━━ Exercise material ━━
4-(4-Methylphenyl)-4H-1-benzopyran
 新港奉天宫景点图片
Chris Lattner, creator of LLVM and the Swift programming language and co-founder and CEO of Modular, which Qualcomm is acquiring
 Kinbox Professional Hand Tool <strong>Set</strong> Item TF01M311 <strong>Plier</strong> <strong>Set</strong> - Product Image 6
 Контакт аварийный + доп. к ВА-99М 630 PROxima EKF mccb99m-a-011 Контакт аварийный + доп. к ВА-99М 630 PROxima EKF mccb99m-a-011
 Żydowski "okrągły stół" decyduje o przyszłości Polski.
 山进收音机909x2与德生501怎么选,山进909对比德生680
━━━
━━ Exercise material ━━
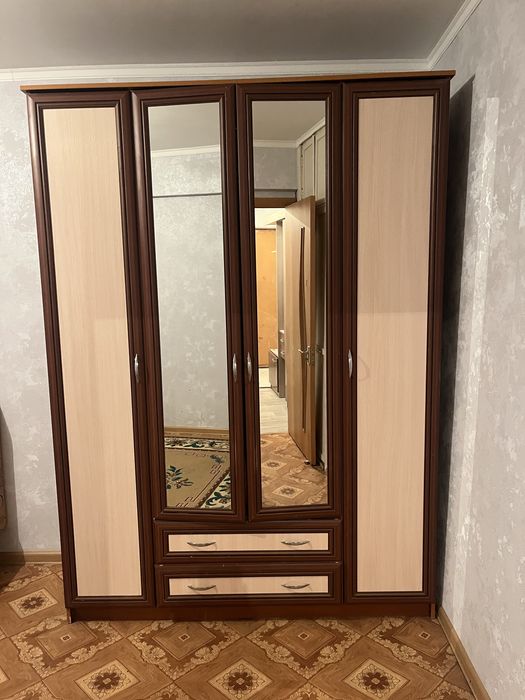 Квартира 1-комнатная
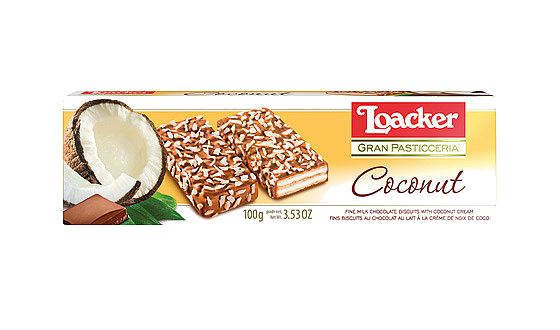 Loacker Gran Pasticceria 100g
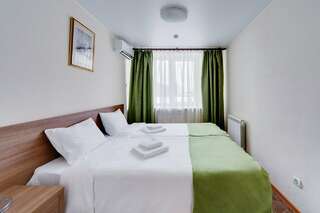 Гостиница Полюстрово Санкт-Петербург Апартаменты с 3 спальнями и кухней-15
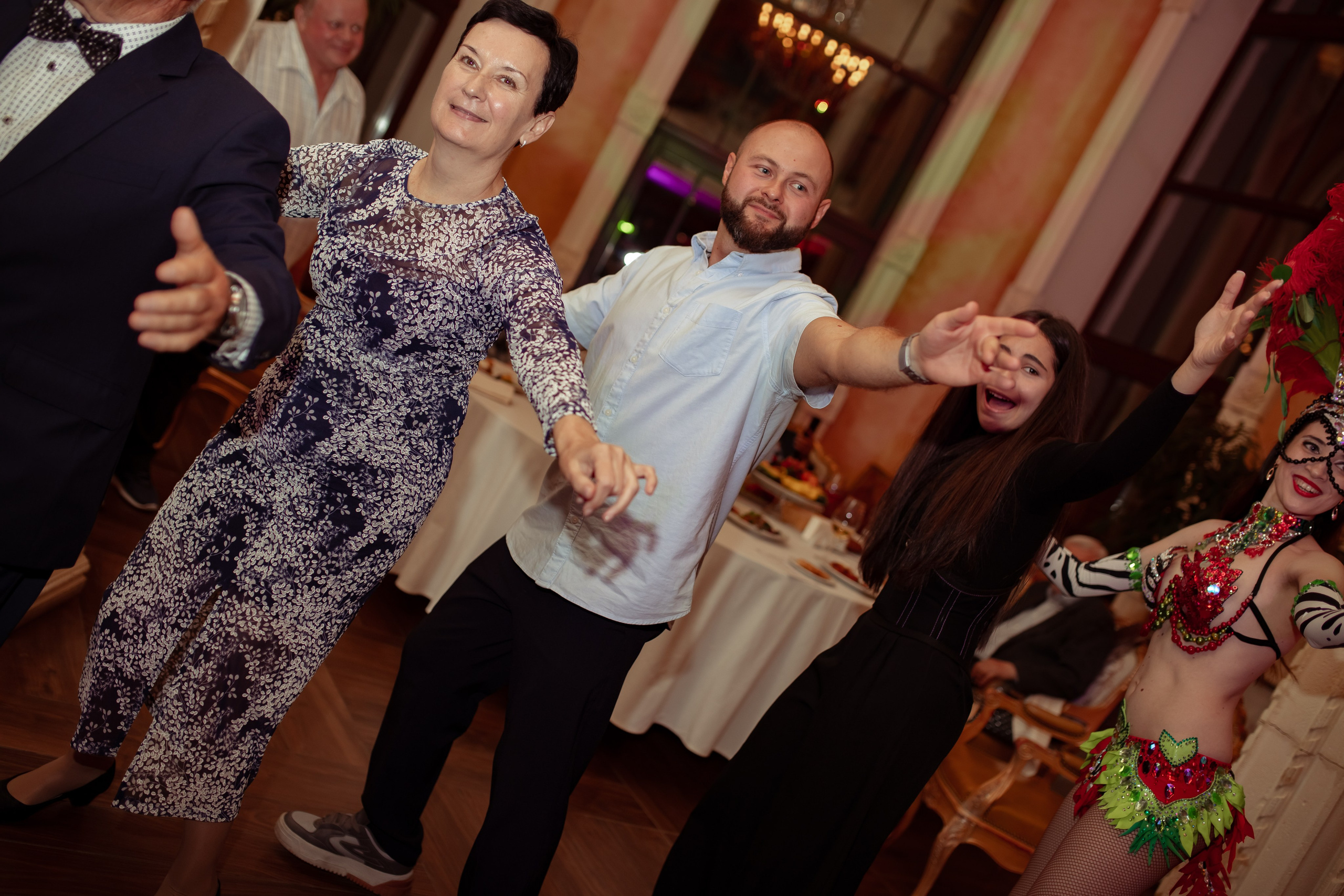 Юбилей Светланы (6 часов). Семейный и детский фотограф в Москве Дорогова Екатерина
━━━
- **What to do**:
Word for word, restate the lines of the data above that fall between the line holding "o przyszłości Polski." and the line holding "山进收音机909x2与德生501怎么选,山进909对比德生680", inclusive, and no other lines.

- **Response for this exercise**:
 Żydowski "okrągły stół" decyduje o przyszłości Polski.
 山进收音机909x2与德生501怎么选,山进909对比德生680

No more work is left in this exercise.